Vi incollo un articolo pubblicato il 21 Luglio da “La Nuova Sardegna”, ma purtroppo ancora oggi di attualità. Chi decidesse di andare al mattino presto oppure durante le ore del riposino post-pranzo nelle spiagge di Calaliberotto, scoprirebbe la presenza di centinaia di ombrelloni segna-posto che impediscono la sosta a chi non ha la fortuna di avere la casa a 10 metri dalla spiaggia. A questo si aggiungono anche gommoni lasciati sulla battigia che non consentono il passaggio delle persone, ruspe che lavorano in spiaggia (è consentito?), montagne di alghe abusivamente depositate dietro la spiaggia, carrelli trasporta-barche buttati ovunque, etc…

 

 

La comodità in spiaggia ha un prezzo. E non solo quando si tratta di sborsare gli euro per affittare ombrelloni e sdraio. Qualcuno lascia i propri «comfort balneari» nell’arenile giorno e notte, altri protestano per l’«occupazione» e il corpo forestale sequestra tutto.

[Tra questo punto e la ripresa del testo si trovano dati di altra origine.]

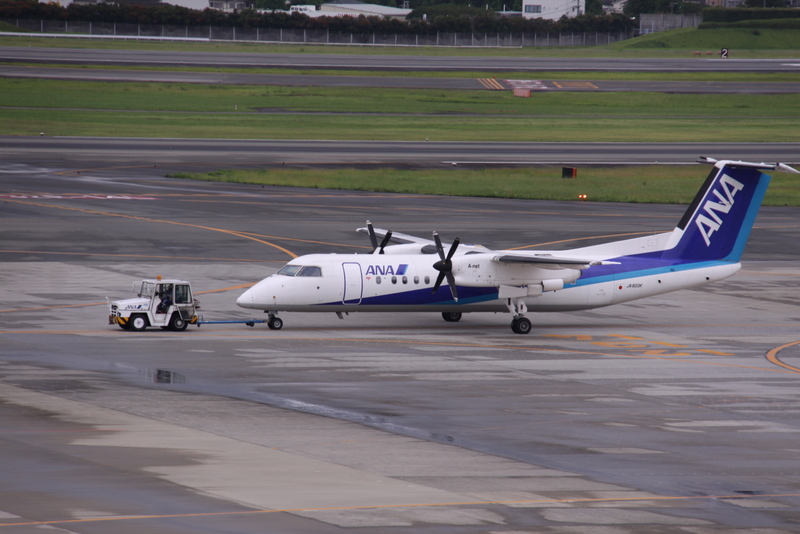 d0248502_935438.jpg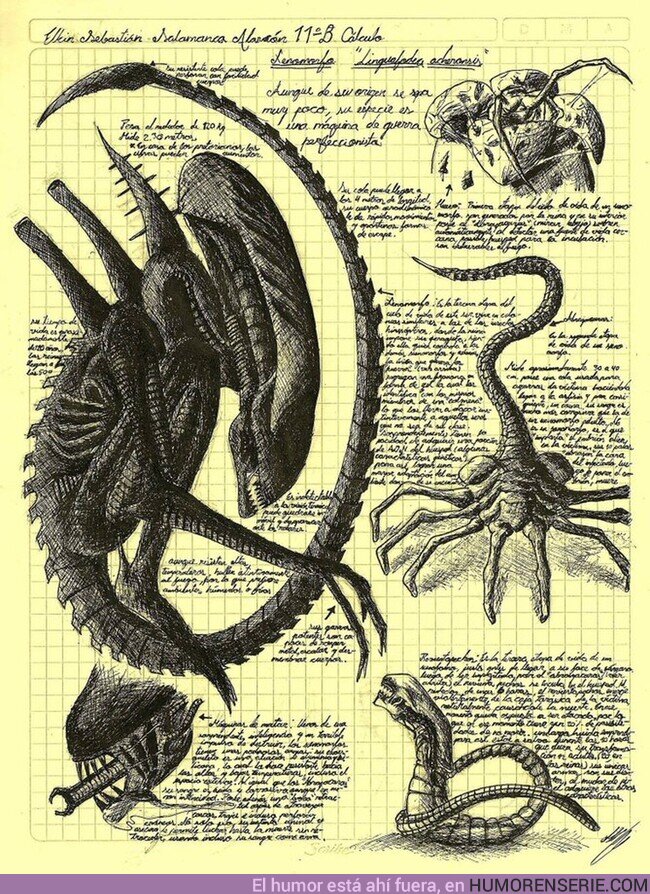 172203 - Vengo a recordaros cuando Leonardo Da Vinci hizo un boceto del ciclo vital del xenomorfo., por @Roybattyforever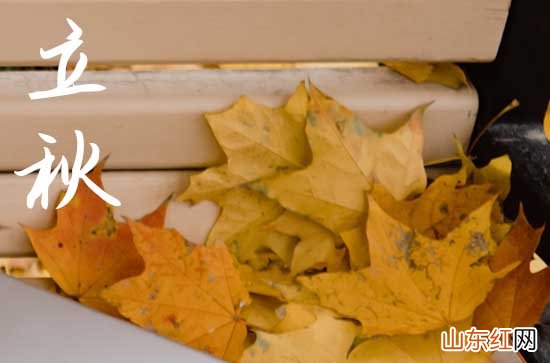 2023年立秋时间是早还是晚 8月8日立秋是早秋还是晚秋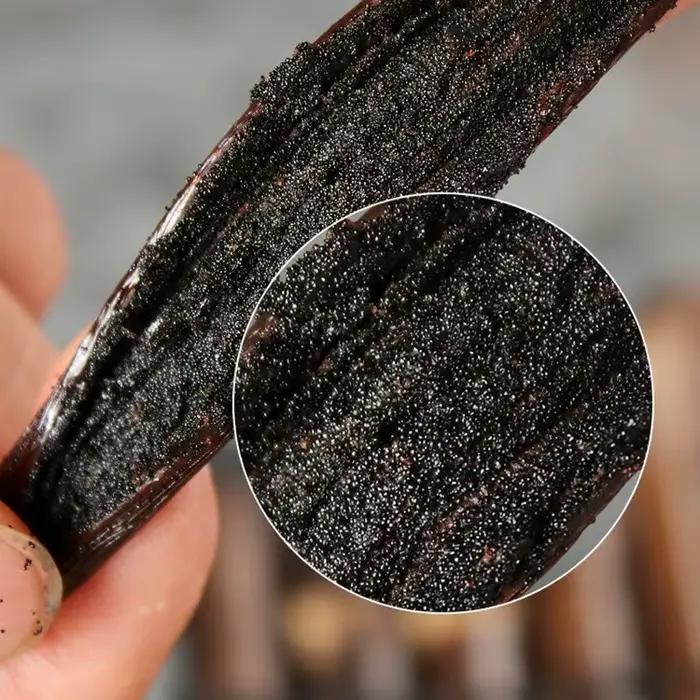 Gousse de vanille naturelle de Madagascar de qualité supérieure, 10/20 pièces, pour pot-pourri et fabrication d'essences, 14-17 cm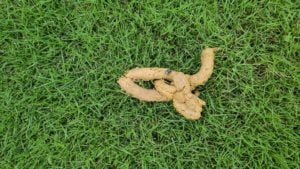 Yellow Dog Poop Color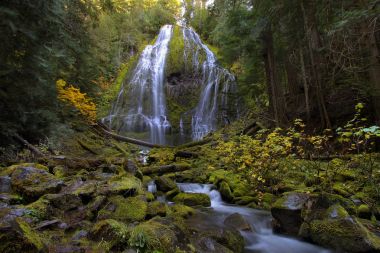 Proxy Falls Oregon ABD 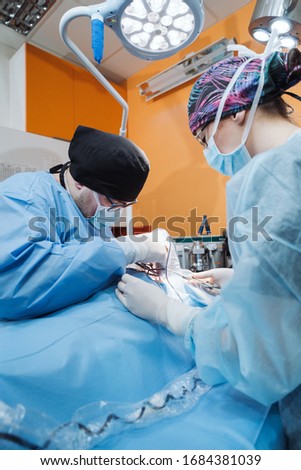 A veterinary student gains experience in the operating room. Doctors with surgical tools in hands making surgery. Health care or veterinary care concept.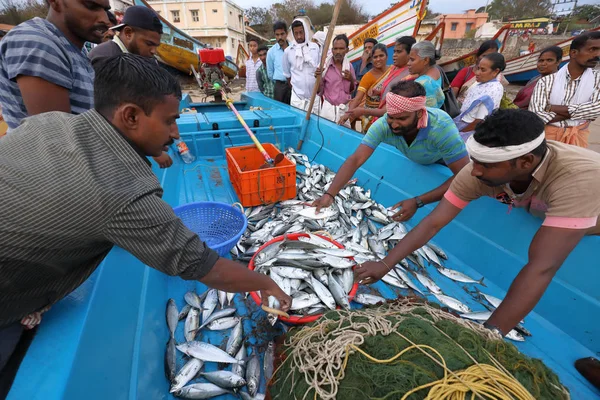 正体不明の漁師が魚を販売します。 — ストック写真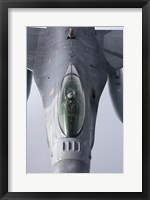 F-16 Fighting Falcon of the Portugese Air Force Fine Art Print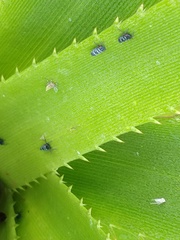 Balacha melanocephala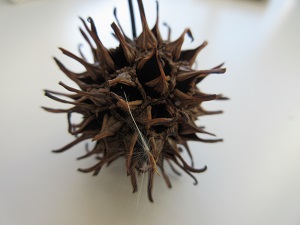 IMG_8765 IMG_8765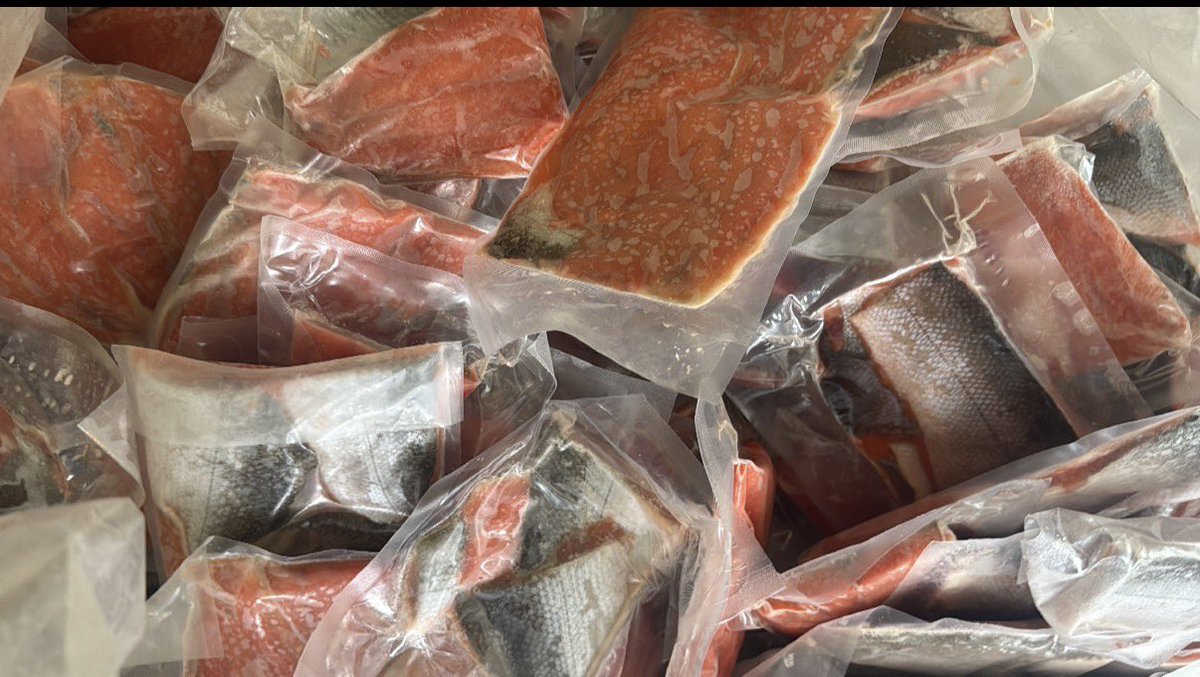 Captain_Off_Grid tweet media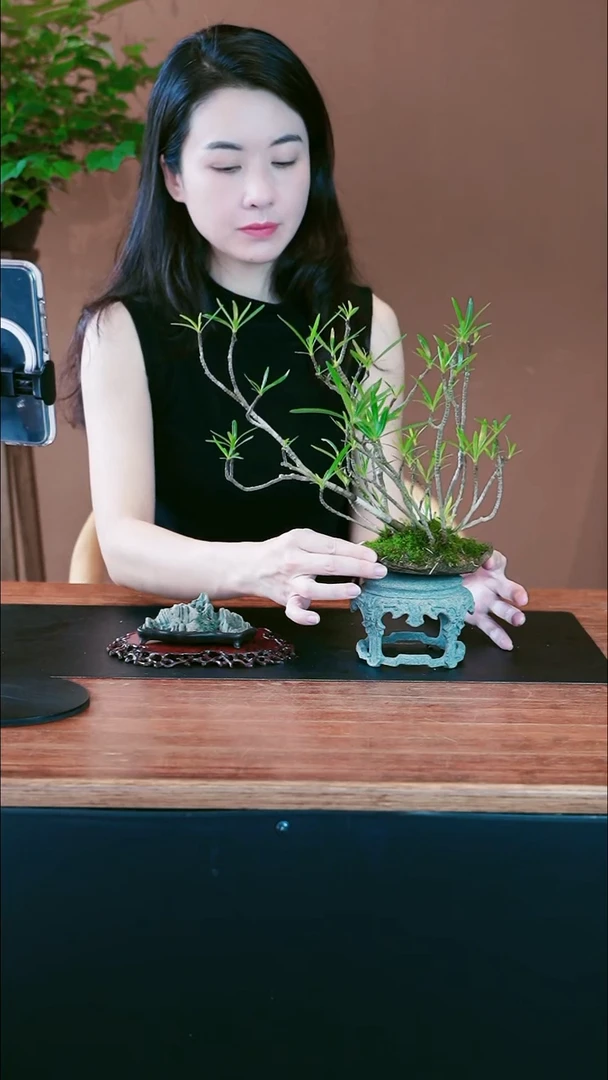 无花朵栀子花盆景盆景盆景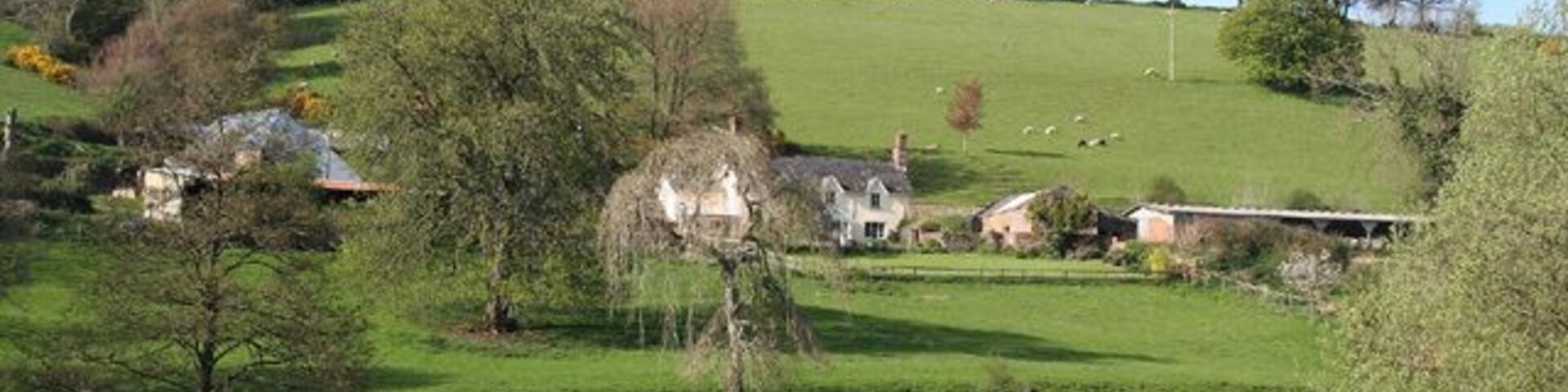 Un paisaje de colinas verdes con casas y árboles dispersos.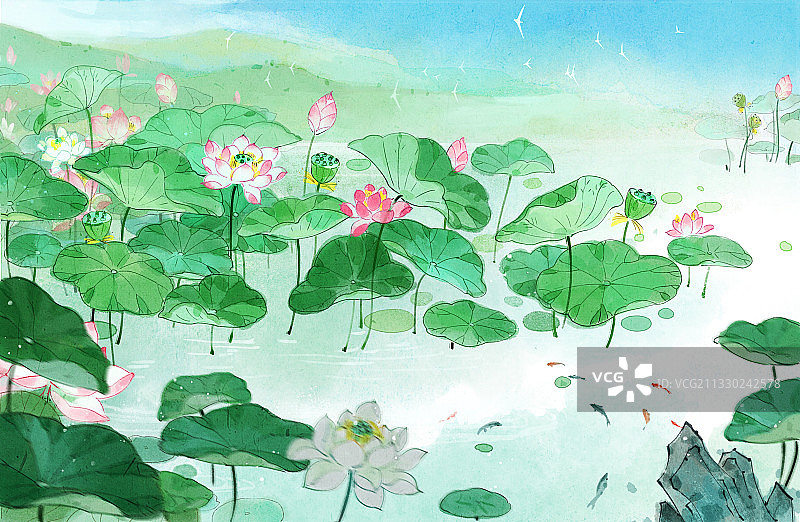 池塘中的荷花插画图片素材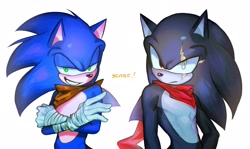 Size: 2048x1222 | Tagged: safe, artist:sa1k_a, sonic the hedgehog, 2024, arms folded, duo, english text, frown, grin, simple background, smile, sonic boom (tv), standing, terios the hedgehog, white background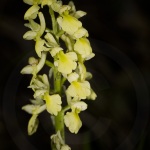 Orchis pallens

È successo a Salina bamba (San Teodoro). Uno straordinario tratto di litorale che fa parte dell’area marina protetta di Tavolara-Capo Coda Cavallo. Trecento metri di spiaggia perennemente occupati da ombrelloni, sdraio e lettini. «Una sorta di privatizzazione dell’arenile» spiegano alla Blon (base logistico operativa navale) del corpo forestale. I bagnanti vanno al mare, vorrebbero prendere il sole ma non possono farlo. «A qualsiasi ora del giorno non si trova un metro libero di spiaggia». Da qui la maxi operazione della Blon. Alle quattro del mattino di sabato gli uomini della forestale hanno sequestrato 169 fra sdraio e lettini e 121 ombrelloni. Per l’attività di “liberazione” della spiaggia le pattuglie hanno utilizzato un fuoristrada e un camioncino. Tutta l’a ttrezzatura da mare è stata poi depositata nell’autoparco di Pratosardo.
L’operazione fa seguito a un’altra simile che risale al mese di agosto dell’anno scorso quando, sempre la Blon, aveva provveduto alla “bonifica” della stessa spiaggia. Quest’anno, a quanto pare, il vezzo è rimasto. «Nei giorni scorsi – spiega il corpo forestale e di vigilanza ambientale – è stato fatto il sequestro di un quantitativo analogo di materiale nella spiaggia di Sas Linnas Siccas di Orosei. Il risalto dato a quell’operazione ha spinto numerosissimi cittadini, sia turisti che residenti, a segnalare casi dello stesso tipo anche in altri litorali». Piazzare l’ombrellone, in sostanza, va bene. Godersi la tintarella sdraiati su un lettino è un piacere assoluto. Ma, chiaramente, tutto questo non deve essere un lusso per pochi.